We use our operating systems everyday without much thought about the coding that goes into making our computers, tablets and other devices give us the instant connection we crave. It takes a lot to run all that data and content we consume and we take for granted the systems in place that make it possible. We also rarely take into concern any potential threat from the programming inside.
Well, bad news may be coming for users of Linux operating systems as Google's security team has published this week about a vulnerability in coding that could allow for some devastating effects. The potential for hackers to use the break in the glibc coding to control devices from remote via the internet could leave thousands of devices prey to malicious intentions. The Google Online Security blog does a great job of breaking down the problem and luckily, after teaming up with a couple of engineers from Red Hat, they have a solution to offer consumers and manufacturers.

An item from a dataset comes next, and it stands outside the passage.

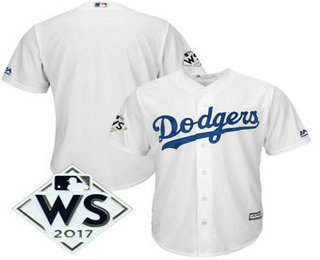 Men's Los Angeles Dodgers Majestic White 2017 World Series Patch Cool Base Team Jersey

The difficult part in describing a vulnerability like this is that experts aren't quite sure how much damage is or has already been done.
According to the BBC report, this bug has been around since 2008 and glibc maintainers were aware of the problem. The difficult part in describing a vulnerability like this is that experts aren't quite sure how much damage is or has already been done. Now that engineers have pointed out the weakness and the potential exploits, it's a race to protect devices and to see which ones may have already been affected. Google's team has encouraged manufacturers to test their systems with proof-of-concept attack that they've created to help identify affected systems. The patch to help protect glibc users is available here via the Google Online Security Blog.
The glibc package contains the two most important standard C and math libraries that are required for the Linux system to function. Versions of glibc since 2.9 seem to be affected but the good news is that major operating systems like Windows, OS X and Google Android are not susceptible. However, glibc users should be thinking about their smaller devices, such as routers. Ars Technica also reports that Bitcoin software is at risk.
Thinking about all the fun we could have with the Internet of Things is great, until we realize how vulnerable our systems can be with the fundamental coding that's integral to how our devices function, especially over the Internet. Sure, we think about our identity being compromised, but the common user probably doesn't think twice about the protection of their device's operating system or the potential threat that could lie within. Check your operating system ASAP if you're running Linux and glibc!